┌─ Records provided

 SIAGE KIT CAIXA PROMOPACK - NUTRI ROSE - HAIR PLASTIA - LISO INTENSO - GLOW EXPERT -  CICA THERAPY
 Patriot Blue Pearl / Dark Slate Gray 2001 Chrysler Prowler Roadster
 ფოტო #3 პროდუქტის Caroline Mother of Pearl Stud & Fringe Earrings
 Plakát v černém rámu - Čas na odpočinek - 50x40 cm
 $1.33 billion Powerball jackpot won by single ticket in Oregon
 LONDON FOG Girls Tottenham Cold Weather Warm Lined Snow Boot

└─
┌─ Records provided

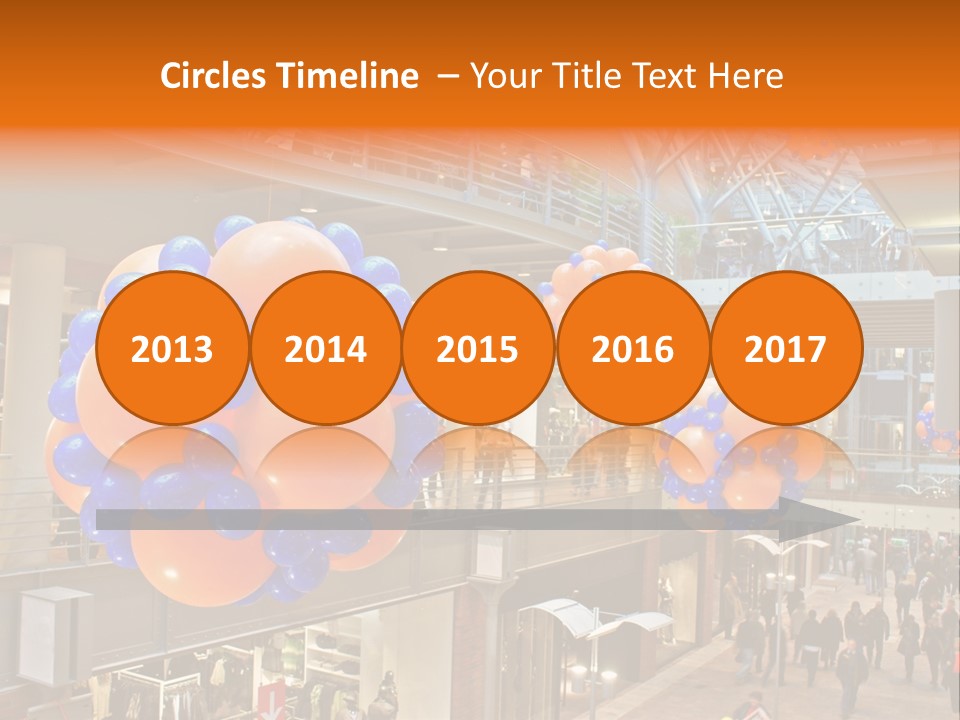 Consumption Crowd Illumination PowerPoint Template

└─

All lines of the entries above where "Pearl" turns up should be reported.

» **Task solution**
 Patriot Blue Pearl / Dark Slate Gray 2001 Chrysler Prowler Roadster
 ფოტო #3 პროდუქტის Caroline Mother of Pearl Stud & Fringe Earrings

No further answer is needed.